Enquête sur la montée de l'extrêmisme islamiste en Mauritanie. (Reportage : F. Berruyer et N. Germain)

Mauritanie et terrorisme islamiste

Le rallye Dakar est annulé. Coup de tonnerre en Mauritanie, où plus de la moitié des étapes devaient se dérouler.

La veille de Noël, quatre touristes français sont assassinés au bord d'une route dans le Sud du pays, près d'Aleg, une région pourtant réputée calme. L’idée d’un crime crapuleux est d’abord évoquée avant que n'enfle la rumeur qu’il pourrait s'agir d'une action d'un groupe de militants liés à la branche maghrébine d'Al-Qaïda. Quelques jours plus tard, trois militaires mauritaniens sont tués dans le Nord dans un attentat revendiqué par Al-Qaïda.

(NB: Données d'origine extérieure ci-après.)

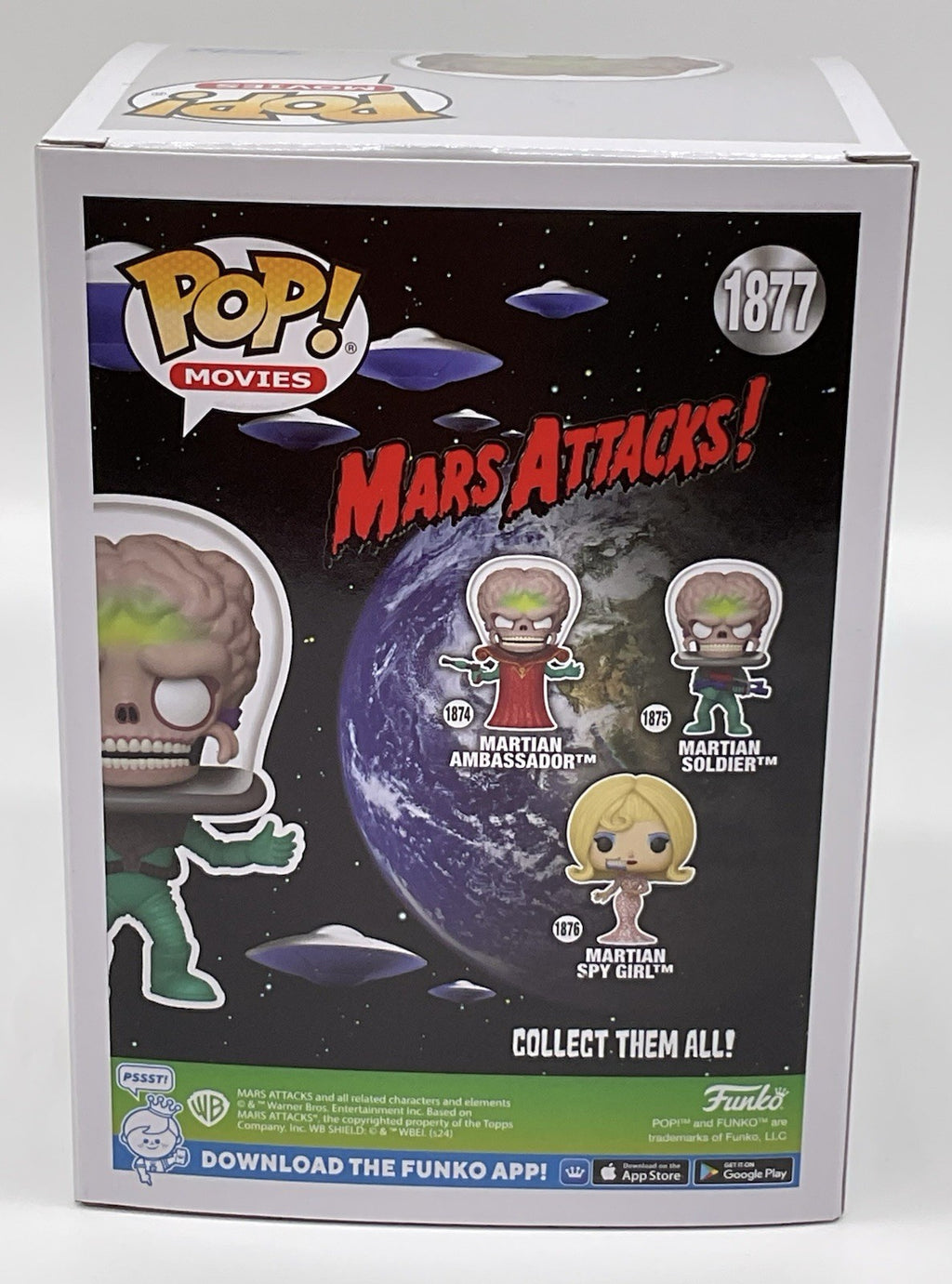 Martian Soldier Pop #1877 Mars Attacks Funko Pop Specialty Series Exclusive 2024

La menace est prise au sérieux par les autorités françaises et la veille du départ du Dakar 2008, qui devait partir de Lisbonne le 5 janvier et traverser la Mauritanie, les organisateurs du rallye choisissent de l’annuler.

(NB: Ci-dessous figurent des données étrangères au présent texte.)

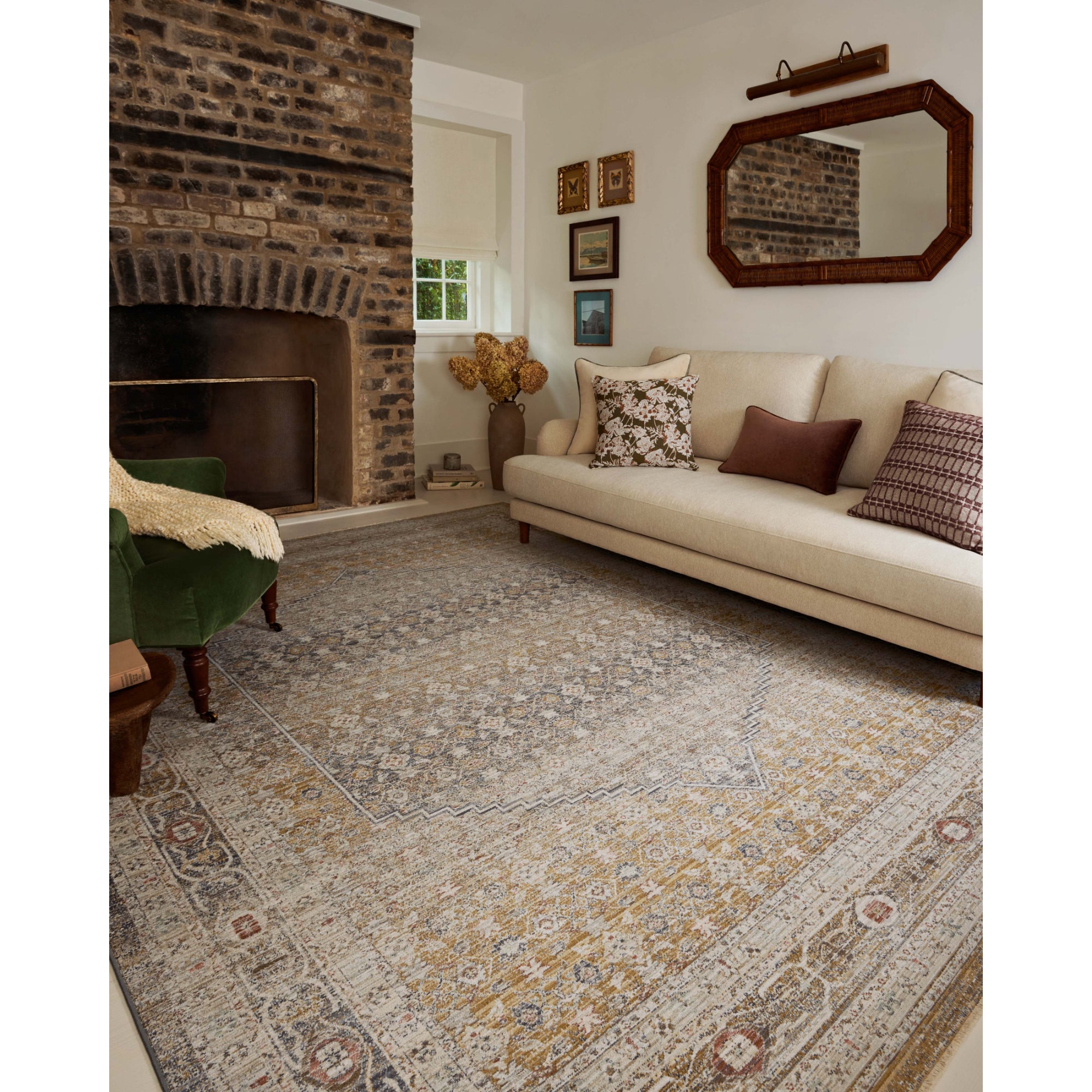 Chris Loves Julia x Loloi Ida Stone/Gold Rug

Pour le gouvernement du pays, cette décision est injustifiée. Cette course, grand événement de l’année, est vitale pour l’économie locale.
Abdoulaye Mamadou Bâ, porte parole de la présidence mauritanienne assure que son pays « demeure un pays sûr, malgré les meurtres isolés qui viennent de s’y produire. Je suis désolé par le fait que les autorités françaises n’ont pas eu confiance en l’assurance des autorités mauritaniennes, parce qu’annuler le Dakar, c’est donner la force aux gens qui font le terrorisme »

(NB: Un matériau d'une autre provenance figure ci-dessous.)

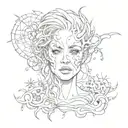 bipolar illness tattoo design idea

La Mauritanie bascule dans le terrorisme ?

A Lehleiwa, où se seraient réfugiés les trois assassins des Français, les habitants sont choqués : « Notre religion nous interdit un tel crime, on est vraiment désolés pour ce qui est arrivé, on est des bons musulmans et on prie Dieu pour qu’il nous pardonne ce crime ». Ils affirment ne rien à voir avec eux. « Ils sont tous connus comme des hors-la-loi, ils vivent dans leur cocon, mais nous, on a rien à voir avec eux. »

Deux des trois assaillants avaient déjà fait de la prison. Ils avaient été jugés responsables avec une vingtaine d’autres extrémistes de la mort de 15 personnes dans une attaque contre un camp de l’armée. Cet acte avait été considéré comme l’un premiers signes concret de l’extrémisme en Mauritanie. Ils ont tous été libérés en juin dernier, par le président Sidi Mohamed Ould Cheikh Abdallahi, alors élu depuis trois mois.

Considérés comme extrémistes jusqu’à il y a peu, ils débattent maintenant librement à Nouakchott, la capitale. L’un deux, Abdallai Ould Aminou, a installé sa mosquée dans le quartier d’Arafat, l’un des plus pauvres de la ville où vivent la plupart des islamistes les plus radicaux.

Même si son discours s’est arrondi, il est toujours considéré comme radical et pour lui l’islamisation de la Mauritanie ne s’est pas encore assez développée.
« Ils [les Français] doivent comprendre que si quelqu’un tue une âme musulmane, alors on doit exécuter cette personne. Et si quelqu’un commet un adultère alors il doit être fouetté. Et si quelqu’un vole et terrorise les autres, alors on doit couper sa main. C’est l’un des principes des droits de l’Homme car Allah connait mieux les hommes qu’eux-mêmes ».

La Mauritanie se croyait à l’abri de ce terrorisme. Aujourd’hui, les articles sur l’extrémisme font la une des journaux du pays. Pour le directeur de l’hebdomadaire Tahalil, la question des intégristes en Mauritanie ne doit pas être éludée.

Avec deux attentats en trois jours fin décembre, la Mauritanie est devenu le dernier pays du Maghreb à être violemment frappé par les extrémistes. La situation n’est pas comparable aux pays voisins, mais la sonnette d’alarme est tirée.